Why do Central Banks continue buying gold?
According to the data published by the World Gold Council, the major gold buyers in the global gold market were Central Banks. Hence, it has been the 4th year when the Central Banks have been buying yellow metal for their reserves.
The total amount of gold bought by Central Banks is 119.4 metric tons of gold. In comparison, in the first quarter of 2014 were bought 119.8 metric tons of gold, which shows that the dynamics remain stable.
In the latest years, the main buyers of gold have been Russia with 30 tons in the 1st quarter of 2015, Belarus, Malaysia, Kazakhstan and Mauritius. Usually, Central Banks buy gold to diversify their external reserves. Most frequently, a great deal of these foreign reserves are kept in the country's currency, as it is the closest trading partner.

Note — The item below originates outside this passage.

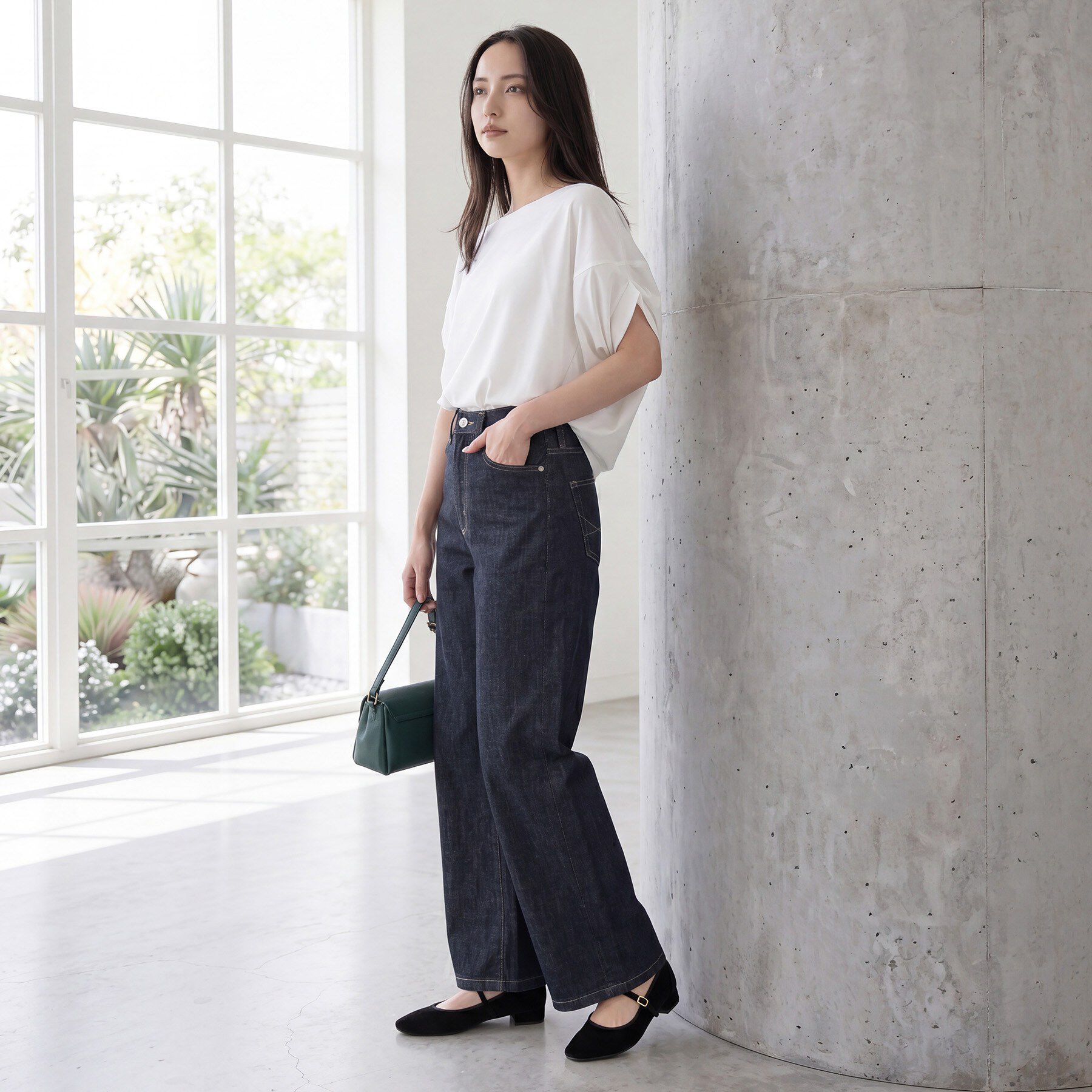 grove「【持続冷感・体型カバー】サテンパイピングドルマンカットソー」|Tシャツ・カットソー|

Also, Central Banks buy gold for hedging risks from unexpected interest rate fluctuations. It must be said that the level of volatility risk of currencies has grown lately.

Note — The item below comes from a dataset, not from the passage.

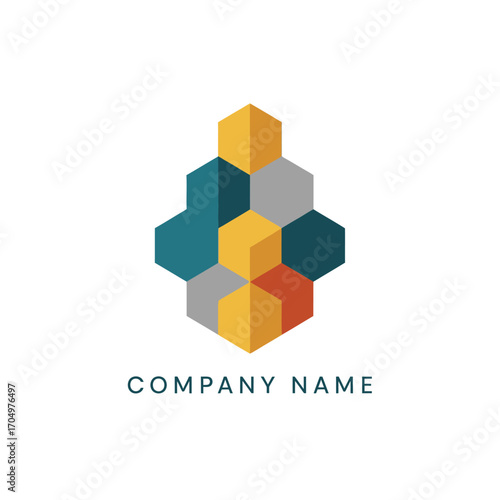 Abstract geometric logo design with colorful hexagonal shapes representing a company.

What can be said about the situation in the world? The US employment data lately published has turned out negative, while Greece's situation continues in a tight spot. The curious fact is that the demand for gold from the Central Banks grows in inverse proportion to the demand from institutional and individual investors.
The reason for that could be that some investors mistakenly build short-term strategies, while gold is an asset profitable in the mid and long-term. The experts in Central Banks take into account years ahead, which is a good piece of advice for investors.